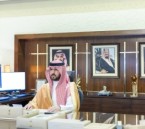 نائب أمير الشرقية يترأس اجتماع اللجنة التنفيذية لهيئة تطوير المنطقة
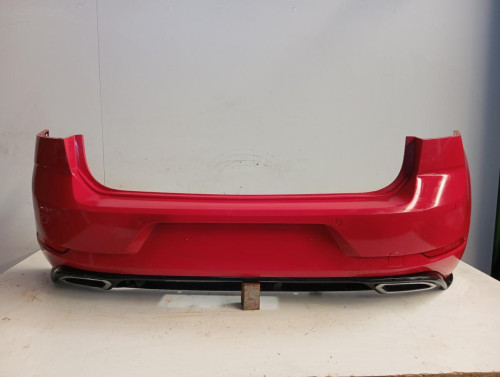 PARAGOLPES TRASERO Volkswagen GOLF VII BERLINA (BQ1/BE2) 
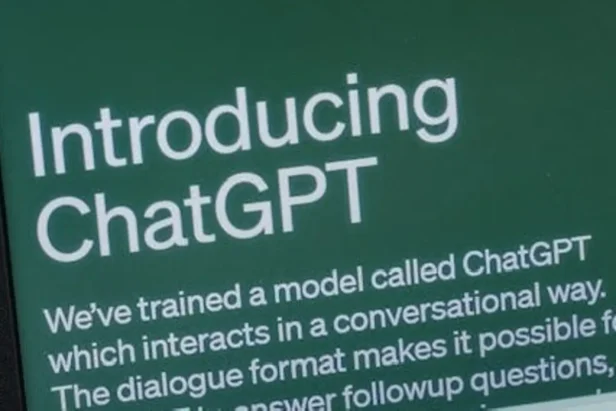 OpenAI construction equipment and workers building new data center infrastructure in Richmond, Virginia.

Description of the task.
Your copy should hold exactly the lines from the line bearing "PARAGOLPES TRASERO Volkswagen" through the end of the data, both included, and no pictures or anything further.

Solution.
 PARAGOLPES TRASERO Volkswagen GOLF VII BERLINA (BQ1/BE2) 
 OpenAI construction equipment and workers building new data center infrastructure in Richmond, Virginia.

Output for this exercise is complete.